Pantera drew a large following by being “down to earth,” Christe said.

“They had that kind of connection to their fans, by releasing home videos that just showed them horsing around, pouring beer on each others’ heads and partying and being wild,” he said.

Davis said Paul would invite fans to his home and cook large dinners of lobster, shrimp and steak. Food was Paul’s second passion after music, she said.

After its first album with the new sound, “Cowboys From Hell,” in 1990, Pantera found popularity with “Vulgar Display of Power” in 1992, an album widely considered its masterwork. In 1994, the group entered the Billboard chart at No. 1 with the album “Far Beyond Driven,” which sold 1.4 million copies in the United States.

Pantera disbanded after releasing the album “Reinventing the Steel” in 2000, and the lead singer, Phil Anselmo, formed a new band called Superjoint Ritual. In 2003, Paul, whose real name was Vincent P. Abbott, and his brother Darrell, known as Dimebag Darrell, started a group called Damageplan.

Damageplan released its debut album in February 2004; at a show promoting it in Columbus, Ohio, that December, Darrell Abbott was fatally shot onstage. A gunman, who was identified as Nathan M. Gale, a former Marine, stormed the stage just minutes into the band’s performance in front of a crowd of about 250 people. Three other people were also killed.

Damageplan dissolved shortly after the shooting, and Paul went on to play with a metal supergroup, Hellyeah, made up of metal stars from other groups. The band released five albums between 2007 and 2016. In an interview in October, Paul said the group was making plans to record a new LP.

At his death, Paul was in Las Vegas recording Hellyeah’s forthcoming album, said Karissa Vassallo, a publicist with the band’s record label, Eleven Seven Music.

Vincent Paul Abbott was born in Abilene, Texas. His father, Jerry Abbott, was a country songwriter and survives him. Paul is also survived by his girlfriend, Chelsey Yeager, Vassallo said.

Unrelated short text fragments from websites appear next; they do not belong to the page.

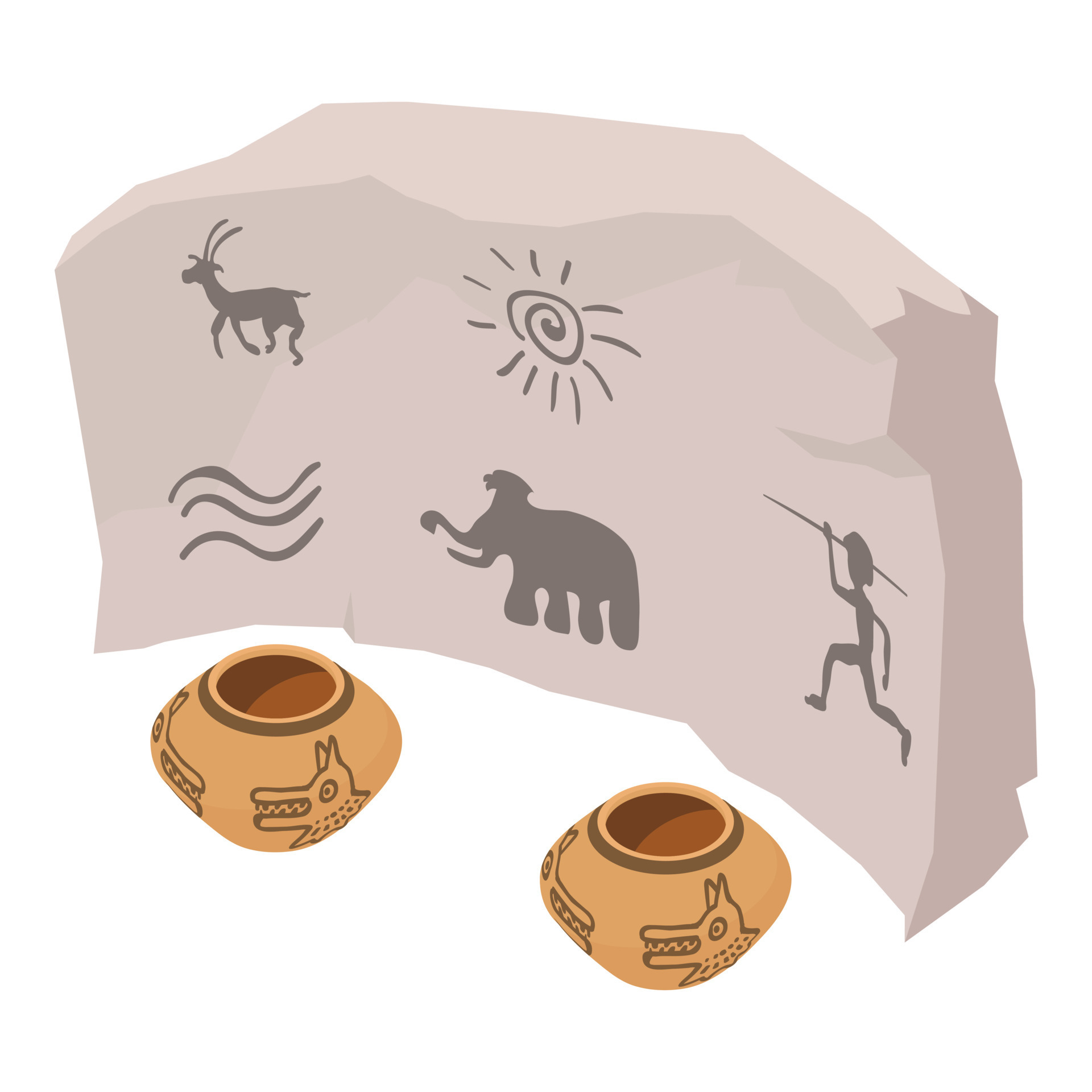Cave Painting Icon Isometric Style 15386202 Vector Art At Vecteezy Cave Painting Icon Isometric Style Vector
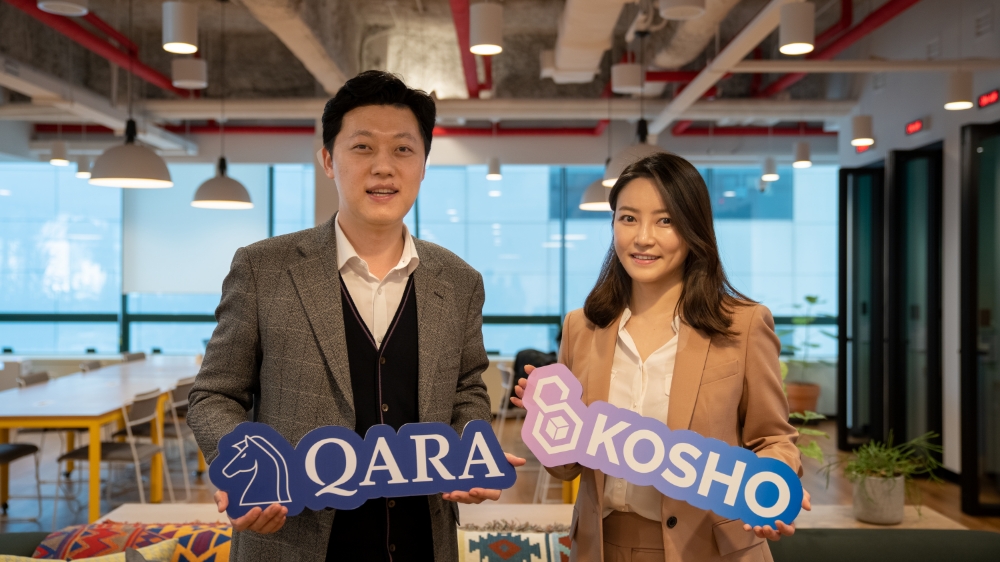 콰라소프트 변창환 대표(왼쪽), 손보미 대표./사진=콰라소프트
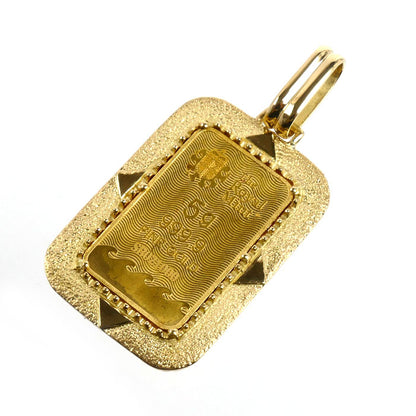 K24YG イエローゴールド K18YG イエローゴールド ブリタニア インゴット 5g ペンダントトップ 11.7g ロイヤルミント ユニセックス【中古】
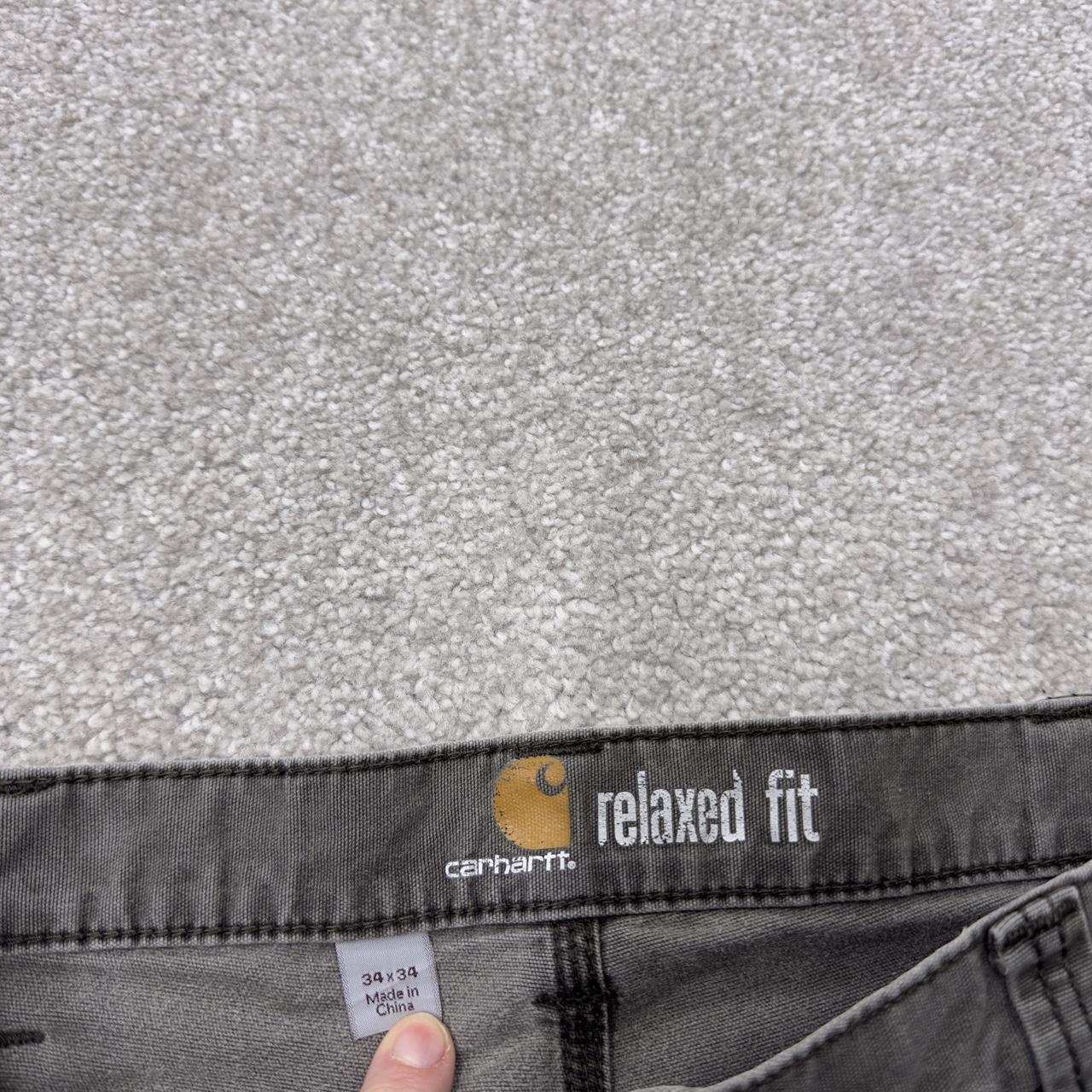 Carhartt carpenter pants relaxed y2k grey khaki Straight leg skater style workwear pants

In a 2016 interview with Metal Hammer magazine, Paul said he started playing drums when he was 14. His brother opted for a guitar, and the two of them continued to make music together until Darrell Abbott’s death in 2004.

Paul said in the interview that music was “always around the house,” and after hearing 1970s metal records like Kiss’ “Alive!” and Ted Nugent’s “Cat Scratch Fever,” he was hooked.